J’ai demandé pourquoi il n’y avait qu’une seule femme. Il m’a été répondu qu’ils avaient choisi de faire ce stage dans un endroit central pour permettre aux peuls de différents villages (parfois éloignés de 16 km) d’y participer. Résultat, seuls les hommes qui ont une moto ou un vélo (et moins de travail pour les besoins quotidiens de la famille) ont pu suivre les cours. Les femmes sont restées chez elles.
J’ai répondu que s’il voulait que je continue à les appuyer (notamment en prenant en charge le « salaire » de l’enseignant, il fallait trouver une solution qui permettent aux femmes et aux jeunes filles qui le désirent de profiter, elles aussi, de l’enseignement.

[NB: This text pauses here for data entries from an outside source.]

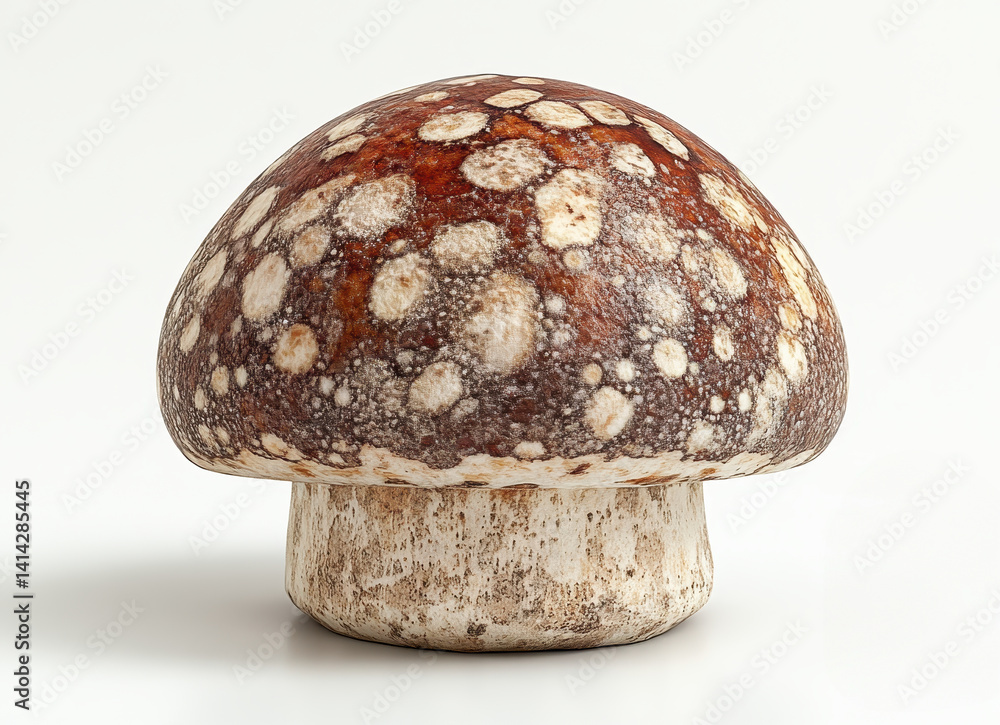 Illustration of Textured Brown Mushroom Cap with White Spots on Isolated White Background Illustration of Textured Brown Mushroom Cap with White Spots on Isolated White Background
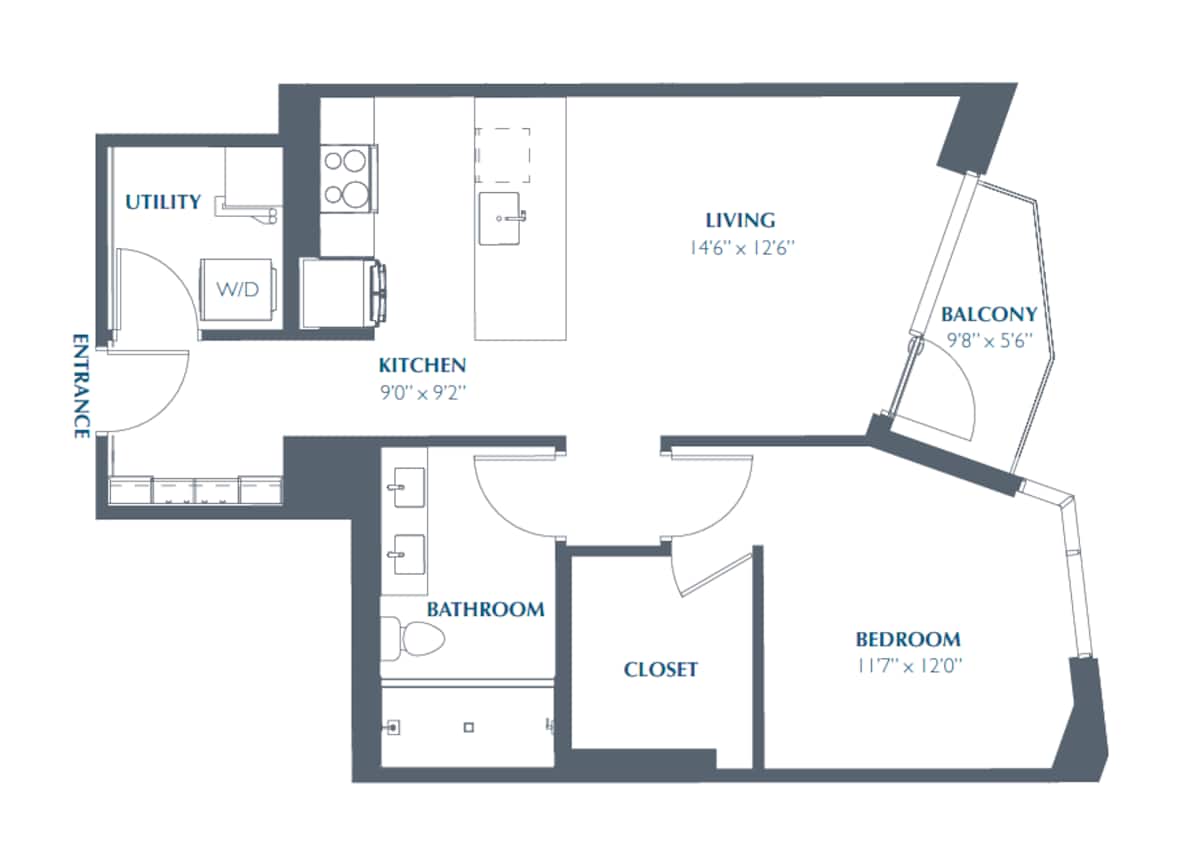 Floorplan diagram for A7, showing 1 bedroom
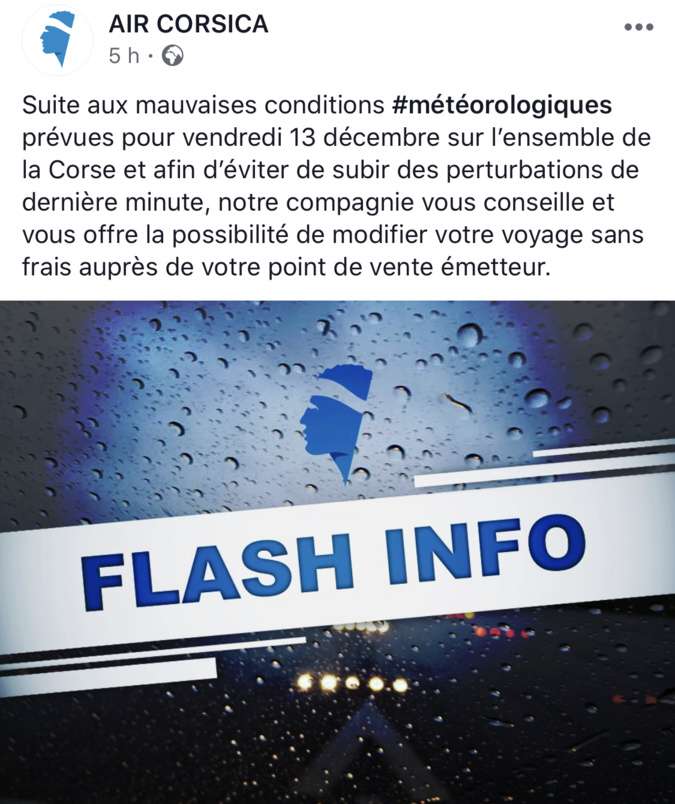 Vent violent en Corse : Air Corsica conseille de décaler son voyage Vent violent en Corse : Air Corsica conseille de décaler son voyage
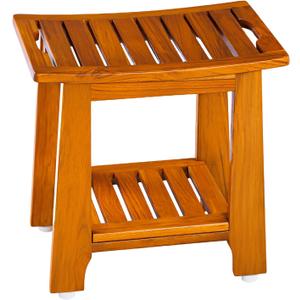 18" Standard Teak Shower Bench with Shelf & Handle - Waterproof, Non-Slip Bath Stool, 300 lbs Capacity - Fits Standard Tubs/Showers & Outdoor Use (Patented)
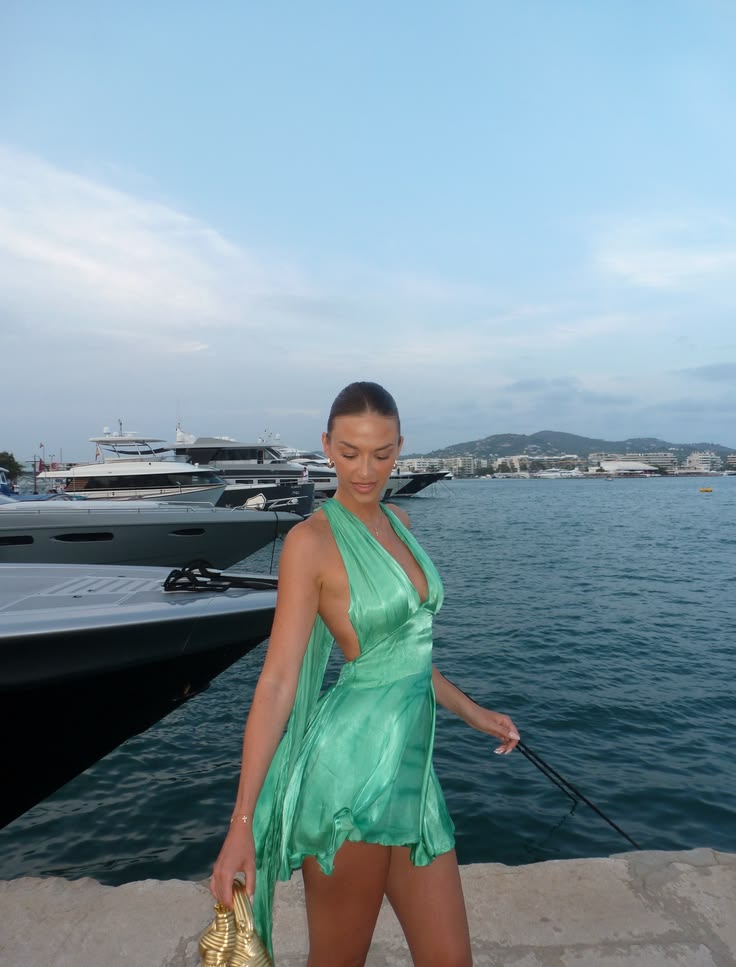 Unique Green A Line Halter Satin Backless Short Homecoming Dress Mini Dress SH8040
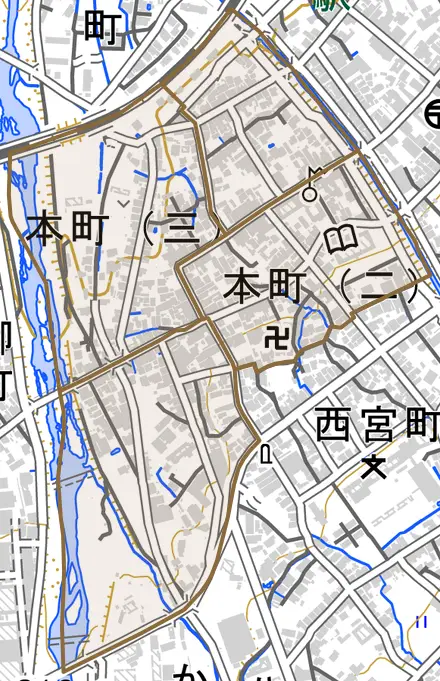 本町とその周辺の地図。町の範囲を重ねている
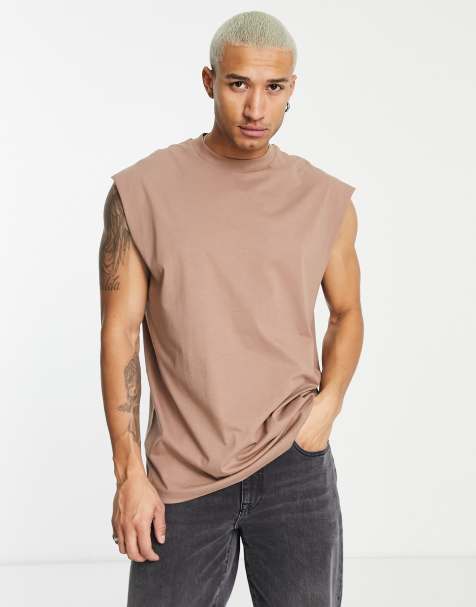 ASOS DESIGN oversized fit vest in light brown - view 1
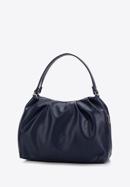 Ruched faux leather shopper bag, navy blue, 97-4Y-525-7, Photo 2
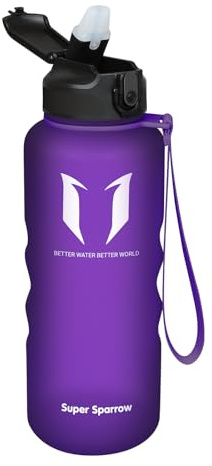 Super Sparrow Trinkflasche mit Strohhalm - Tritan Wasserflasche - 1.5L - BPA-Frei - Ideale Sportflasche - Auslaufsichere Trinkflaschen für Kinder - Leicht, Nachhaltig
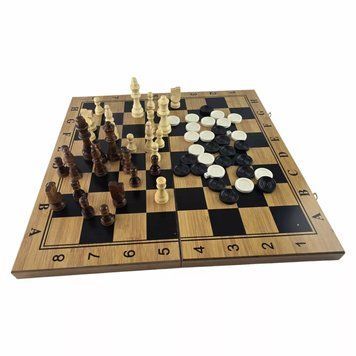Набор 3 в 1 шахматы, шашки, нарды 47,5х47,5, дерево (DN35133) V77554025 фото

Il m’a été répondu que pour cela, il fallait ouvrir trois centres au lieu d’un seul. J’ai dit que j’étais prêt à soutenir trois centres si les femmes étaient intéressées. J’ai rappelé les conditions et j’ai terminé en disant que je viendrai les voir quand ils seront prêts.
C’est ainsi que le mercredi 30 décembre 2009, je me suis rendu dans les quartiers peuls de Lolo, Zounou et Pala. Chaque communauté peule avait construit le hangar qui devait abriter les stages. J’ai pu me rendre compte que les femmes étaient très désireuses d’apprendre. Dans chaque centre, elles étaient, de loin, les plus nombreuses. Et la joie de pouvoir se former se lisait sur leurs visages.
C’est ainsi que le 4 janvier 2010, nous allons ouvrir ces trois centres, avec la participation de plus de 50 femmes et jeunes filles peules (déjà inscrites). Les hommes aussi, étaient là. L’un deux m’a dit sa joie de pouvoir, depuis le stage d’alphabétisation qui s’est terminé en avril dernier, envoyer des SMS en fulfulde avec son téléphone portable(voir la photo ci-contre). Et il a fait une démonstration devant nous !
Ce jour, ma conviction s’est renforcée : l’intégration des peuls passent par l’alphabétisation des hommes et des femmes peuls en fulfulde. Mais le pays devrait redoubler d’effort pour accompagner ce désir des peuls de se former. Désir qui n’existait peut-être pas il y a quelques années, mais qui depuis peu semble être, chaque année, de plus en plus fort. Il est urgent de prendre en compte cette nouvelle opportunité. Il n’est pas possible de laisser les éleveurs peuls à l’écart. D’autant plus que la prévention des conflits entre éleveurs et agriculteurs passent aussi par le développement de l’alphabétisation.